The history of the Port of Felixstowe
Founded by Colonel George Tomline in 1875, the Port of Felixstowe began life as ‘The Felixstowe Railway and Pier Company’. Withstanding two World Wars and a number of changes of ownership, in 1966 work began on the New South Quay. Opening on the 1st July 1967, and later renamed Landguard Container Terminal, it was the UK’s first purpose-built container terminal.
The operation today bears no real resemblance to those early years. The scale and level of technical innovation have grown beyond recognition. But not everything has changed. Felixstowe was chosen in 1967 because of its proximity to the main shipping lanes and the major ports of Northern Europe. That remains a key differentiator but since then its position has been improved by the development of road and rail links that are second to none.
Change has been a constant at Felixstowe over the last 50 years. The second phase of Landguard Terminal was completed in the 1970s followed by Dooley, Walton and Trinity Terminal, the UK’s first post-panamax facility, which was built in phases through the 1980s and 1990s with the final phase completed in 2004.

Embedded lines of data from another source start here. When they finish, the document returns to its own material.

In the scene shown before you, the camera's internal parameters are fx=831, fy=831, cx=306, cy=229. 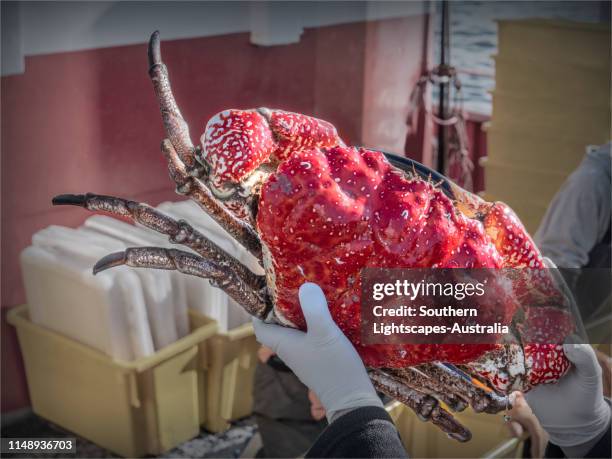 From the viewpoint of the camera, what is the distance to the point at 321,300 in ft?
4.49

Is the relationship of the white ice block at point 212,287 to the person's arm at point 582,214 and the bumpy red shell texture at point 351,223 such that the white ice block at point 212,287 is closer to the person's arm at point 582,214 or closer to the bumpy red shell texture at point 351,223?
the person's arm at point 582,214

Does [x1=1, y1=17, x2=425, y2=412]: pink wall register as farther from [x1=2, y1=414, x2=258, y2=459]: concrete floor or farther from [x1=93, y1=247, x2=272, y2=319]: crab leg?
[x1=93, y1=247, x2=272, y2=319]: crab leg

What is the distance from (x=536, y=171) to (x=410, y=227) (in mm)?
2585

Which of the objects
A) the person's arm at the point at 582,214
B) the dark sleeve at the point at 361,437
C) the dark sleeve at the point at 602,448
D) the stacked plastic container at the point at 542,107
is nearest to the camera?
the dark sleeve at the point at 361,437

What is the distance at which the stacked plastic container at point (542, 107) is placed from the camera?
3.51 m

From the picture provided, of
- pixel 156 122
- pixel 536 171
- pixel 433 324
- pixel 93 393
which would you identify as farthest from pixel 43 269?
pixel 536 171

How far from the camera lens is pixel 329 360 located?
4.62ft

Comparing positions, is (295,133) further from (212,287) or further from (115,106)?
(115,106)

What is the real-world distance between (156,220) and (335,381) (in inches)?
16.2

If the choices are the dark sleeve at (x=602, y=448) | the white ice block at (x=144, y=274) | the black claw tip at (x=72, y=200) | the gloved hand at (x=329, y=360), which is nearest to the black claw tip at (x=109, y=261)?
the black claw tip at (x=72, y=200)

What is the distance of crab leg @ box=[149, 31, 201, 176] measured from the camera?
1.38 metres

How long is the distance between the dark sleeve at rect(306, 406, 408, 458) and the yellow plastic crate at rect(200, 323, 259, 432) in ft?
5.23

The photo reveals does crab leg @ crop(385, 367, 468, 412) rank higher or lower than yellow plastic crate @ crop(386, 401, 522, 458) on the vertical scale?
higher

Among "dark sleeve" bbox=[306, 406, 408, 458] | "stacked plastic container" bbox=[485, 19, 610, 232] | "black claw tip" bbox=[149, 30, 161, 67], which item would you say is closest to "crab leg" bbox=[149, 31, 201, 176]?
"black claw tip" bbox=[149, 30, 161, 67] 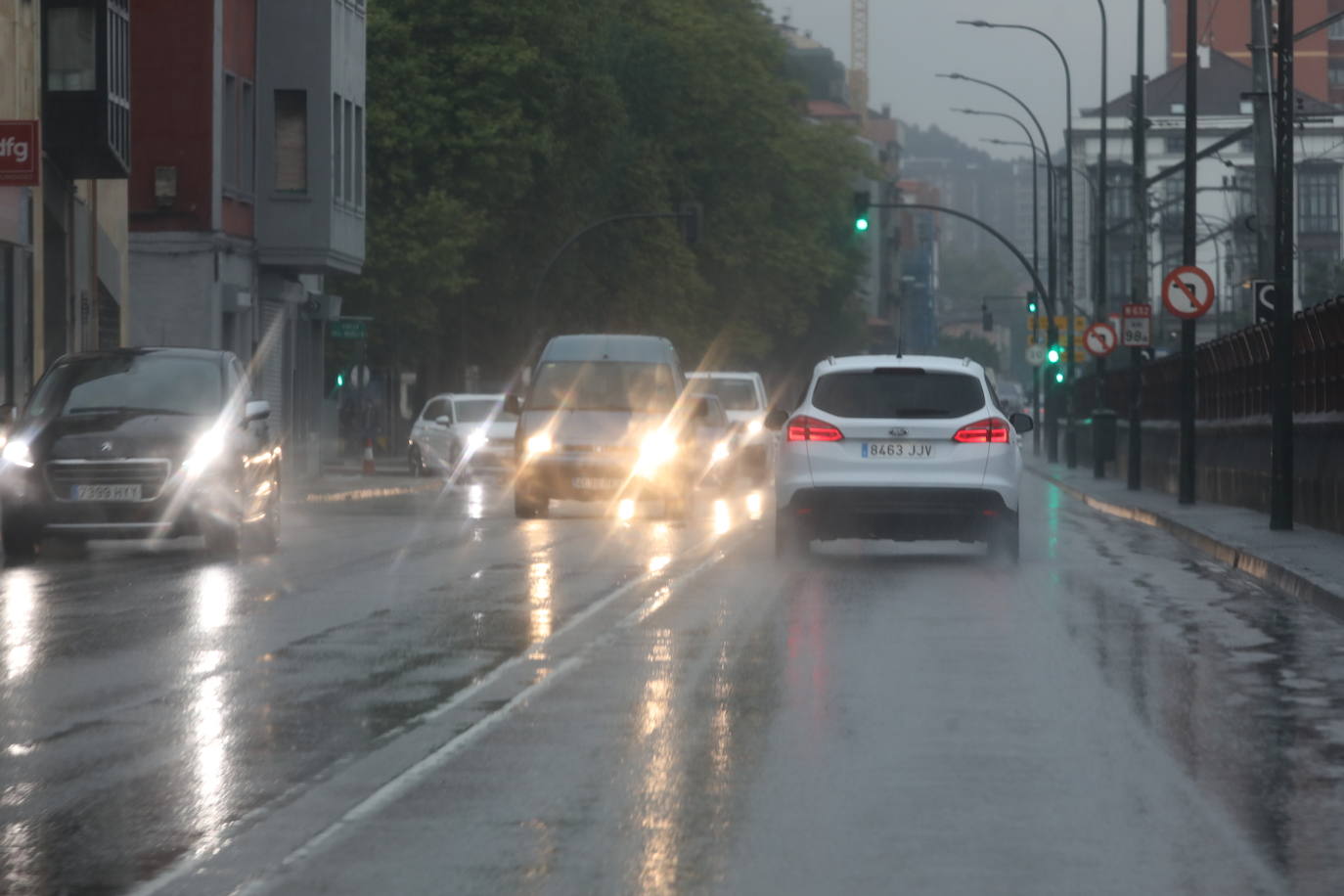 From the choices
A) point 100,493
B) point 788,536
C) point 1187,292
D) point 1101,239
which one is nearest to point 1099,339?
point 1101,239

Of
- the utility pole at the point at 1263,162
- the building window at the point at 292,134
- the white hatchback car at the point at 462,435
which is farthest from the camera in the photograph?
the white hatchback car at the point at 462,435

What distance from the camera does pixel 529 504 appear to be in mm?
29438

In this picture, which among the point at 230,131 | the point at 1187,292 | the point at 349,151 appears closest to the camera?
the point at 1187,292

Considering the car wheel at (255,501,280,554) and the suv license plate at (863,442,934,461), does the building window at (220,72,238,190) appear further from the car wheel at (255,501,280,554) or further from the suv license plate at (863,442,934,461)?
the suv license plate at (863,442,934,461)

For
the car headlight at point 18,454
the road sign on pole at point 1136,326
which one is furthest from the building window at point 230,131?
the car headlight at point 18,454

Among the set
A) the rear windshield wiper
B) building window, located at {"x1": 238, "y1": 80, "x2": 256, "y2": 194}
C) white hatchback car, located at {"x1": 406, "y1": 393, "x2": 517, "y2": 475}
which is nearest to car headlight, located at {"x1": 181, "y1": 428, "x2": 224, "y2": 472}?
the rear windshield wiper

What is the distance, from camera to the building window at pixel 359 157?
164 ft

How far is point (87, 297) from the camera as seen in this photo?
38.9 m

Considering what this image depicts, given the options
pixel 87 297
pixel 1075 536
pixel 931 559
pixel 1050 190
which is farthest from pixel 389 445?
pixel 931 559

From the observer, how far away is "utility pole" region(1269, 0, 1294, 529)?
25188 millimetres

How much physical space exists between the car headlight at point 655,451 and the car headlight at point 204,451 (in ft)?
27.1

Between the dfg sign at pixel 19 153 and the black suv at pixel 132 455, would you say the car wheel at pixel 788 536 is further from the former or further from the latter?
the dfg sign at pixel 19 153

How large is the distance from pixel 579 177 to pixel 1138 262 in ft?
71.7

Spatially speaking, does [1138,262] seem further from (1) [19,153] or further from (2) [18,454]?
(2) [18,454] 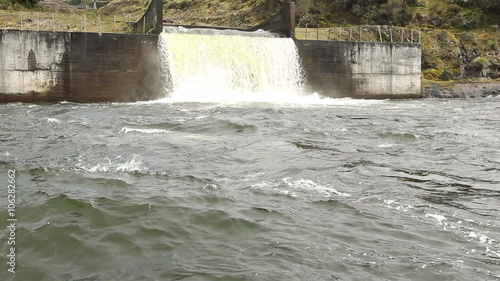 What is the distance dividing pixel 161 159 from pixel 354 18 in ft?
111

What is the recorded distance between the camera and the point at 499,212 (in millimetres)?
6855

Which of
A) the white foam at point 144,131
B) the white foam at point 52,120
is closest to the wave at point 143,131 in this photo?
the white foam at point 144,131

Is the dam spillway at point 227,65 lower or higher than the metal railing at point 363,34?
lower

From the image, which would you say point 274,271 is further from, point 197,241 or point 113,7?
point 113,7

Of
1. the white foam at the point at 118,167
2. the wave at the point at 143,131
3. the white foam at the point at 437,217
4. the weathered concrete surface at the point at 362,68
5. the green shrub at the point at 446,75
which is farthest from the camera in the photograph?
the green shrub at the point at 446,75

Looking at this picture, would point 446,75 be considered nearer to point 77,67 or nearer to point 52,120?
point 77,67

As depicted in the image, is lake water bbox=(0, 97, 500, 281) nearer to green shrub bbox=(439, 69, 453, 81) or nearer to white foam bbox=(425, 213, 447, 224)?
white foam bbox=(425, 213, 447, 224)

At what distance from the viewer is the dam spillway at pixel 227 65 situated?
23078 millimetres

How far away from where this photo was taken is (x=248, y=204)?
691 centimetres

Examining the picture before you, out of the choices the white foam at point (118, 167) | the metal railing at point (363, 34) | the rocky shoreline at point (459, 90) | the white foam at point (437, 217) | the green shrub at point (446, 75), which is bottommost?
the white foam at point (437, 217)

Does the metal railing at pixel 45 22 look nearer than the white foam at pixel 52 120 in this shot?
No

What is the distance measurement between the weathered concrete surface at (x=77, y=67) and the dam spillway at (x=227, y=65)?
1.06m

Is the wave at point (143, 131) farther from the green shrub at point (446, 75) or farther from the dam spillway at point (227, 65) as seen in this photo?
the green shrub at point (446, 75)

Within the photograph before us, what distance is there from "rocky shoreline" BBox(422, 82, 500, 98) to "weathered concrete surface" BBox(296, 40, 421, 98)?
838 mm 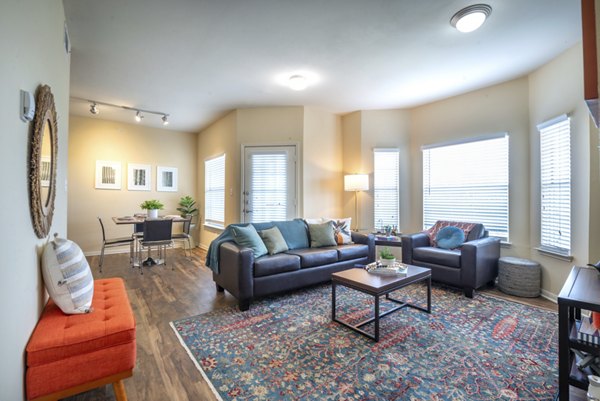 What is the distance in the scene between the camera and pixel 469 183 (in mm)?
4207

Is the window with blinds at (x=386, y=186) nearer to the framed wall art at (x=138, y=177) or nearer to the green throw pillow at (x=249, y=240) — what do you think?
the green throw pillow at (x=249, y=240)

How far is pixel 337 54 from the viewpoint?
309cm

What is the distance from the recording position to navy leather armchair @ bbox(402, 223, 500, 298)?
10.6ft

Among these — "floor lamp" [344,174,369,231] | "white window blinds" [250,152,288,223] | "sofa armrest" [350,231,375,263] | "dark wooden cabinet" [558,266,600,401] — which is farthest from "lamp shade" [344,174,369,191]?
"dark wooden cabinet" [558,266,600,401]

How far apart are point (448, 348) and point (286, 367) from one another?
1297 millimetres

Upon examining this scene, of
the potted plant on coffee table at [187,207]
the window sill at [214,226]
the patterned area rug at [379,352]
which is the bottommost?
the patterned area rug at [379,352]

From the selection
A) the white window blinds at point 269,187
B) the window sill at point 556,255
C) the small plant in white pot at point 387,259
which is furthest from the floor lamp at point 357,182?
the window sill at point 556,255

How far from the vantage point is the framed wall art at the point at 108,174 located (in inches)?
223

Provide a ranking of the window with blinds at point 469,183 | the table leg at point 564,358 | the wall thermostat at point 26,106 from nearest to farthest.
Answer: the wall thermostat at point 26,106, the table leg at point 564,358, the window with blinds at point 469,183

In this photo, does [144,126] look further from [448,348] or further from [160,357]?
[448,348]

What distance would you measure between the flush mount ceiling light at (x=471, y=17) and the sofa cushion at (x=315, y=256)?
Answer: 2.77m

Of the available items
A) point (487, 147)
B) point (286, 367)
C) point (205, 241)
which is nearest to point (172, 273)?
point (205, 241)

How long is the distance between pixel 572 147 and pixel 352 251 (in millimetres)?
2717

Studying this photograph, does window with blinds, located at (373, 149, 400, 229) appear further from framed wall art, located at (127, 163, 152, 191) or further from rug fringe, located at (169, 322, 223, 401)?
framed wall art, located at (127, 163, 152, 191)
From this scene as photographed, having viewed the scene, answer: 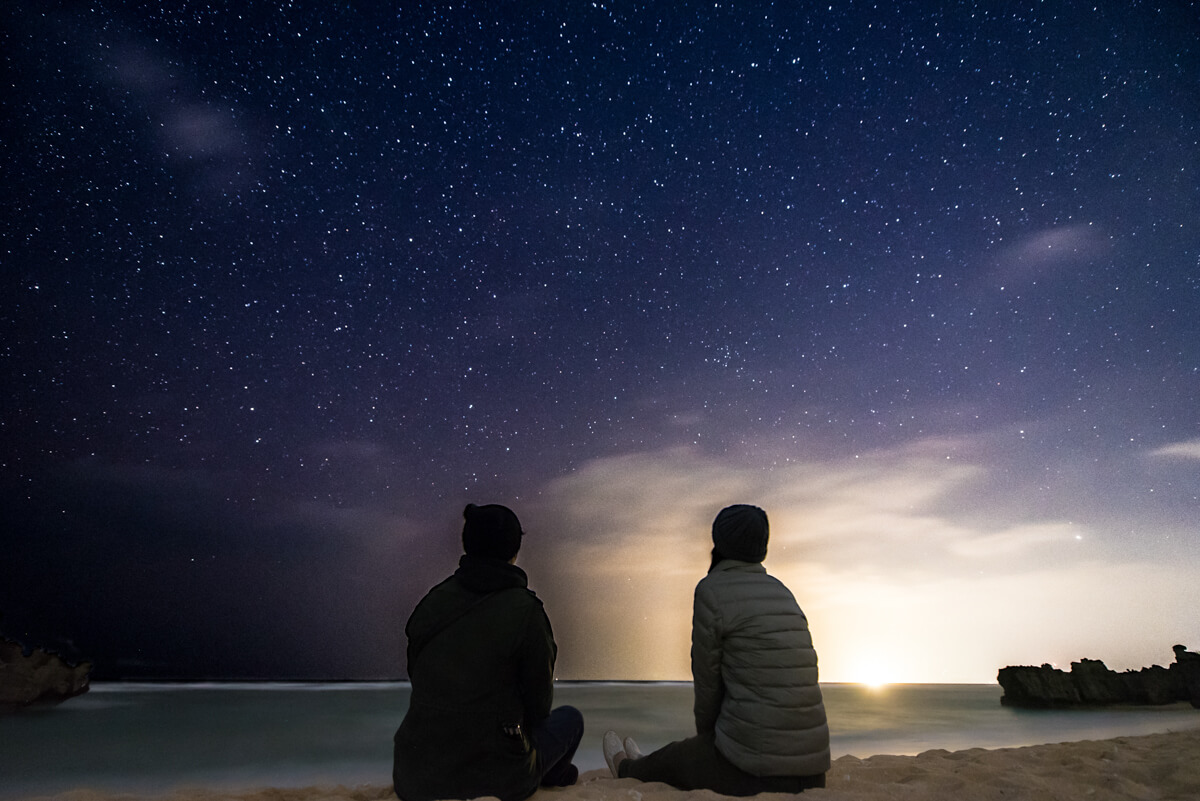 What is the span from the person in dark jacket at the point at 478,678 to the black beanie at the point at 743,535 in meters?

Since then growth has continued. The most recent phase of development, Berths 8&9, was opened in 2011 and was extended in 2015. The creation of the newest terminal involved the reclamation of additional land from the River Orwell but also included the site of the New South Quay, bringing the story full-circle and ensuring that the largest container ships in the world are handled where the very first container ships visited 50 years ago.